(Dataset entries)
++++++++++++++++++++
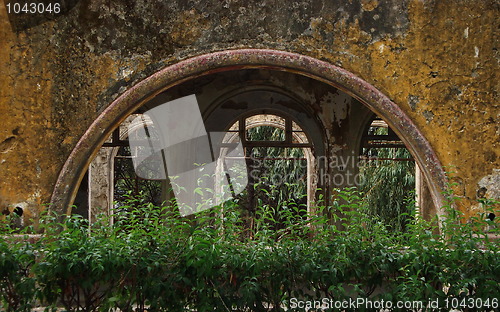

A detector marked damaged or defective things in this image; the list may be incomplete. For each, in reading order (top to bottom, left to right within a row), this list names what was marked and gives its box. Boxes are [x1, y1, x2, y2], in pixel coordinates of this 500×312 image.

rusty metal arch [51, 48, 450, 218]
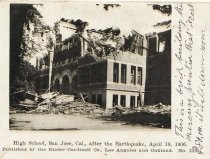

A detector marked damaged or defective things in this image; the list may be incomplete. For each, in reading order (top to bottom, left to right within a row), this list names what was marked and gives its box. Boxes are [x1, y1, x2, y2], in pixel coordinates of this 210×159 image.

earthquake damage [10, 17, 171, 127]
damaged school facade [35, 18, 171, 108]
++++++++++++++++++++
**DIRECTIONS:** Can you quote exactly the lines from the one containing "this 210×159 image." through the last line of the records above, and nothing else?

**RESULT BELOW:**
A detector marked damaged or defective things in this image; the list may be incomplete. For each, in reading order (top to bottom, left to right within a row), this list names what was marked and gives its box. Boxes are [x1, y1, x2, y2], in pixel coordinates of this 210×159 image.

earthquake damage [10, 17, 171, 127]
damaged school facade [35, 18, 171, 108]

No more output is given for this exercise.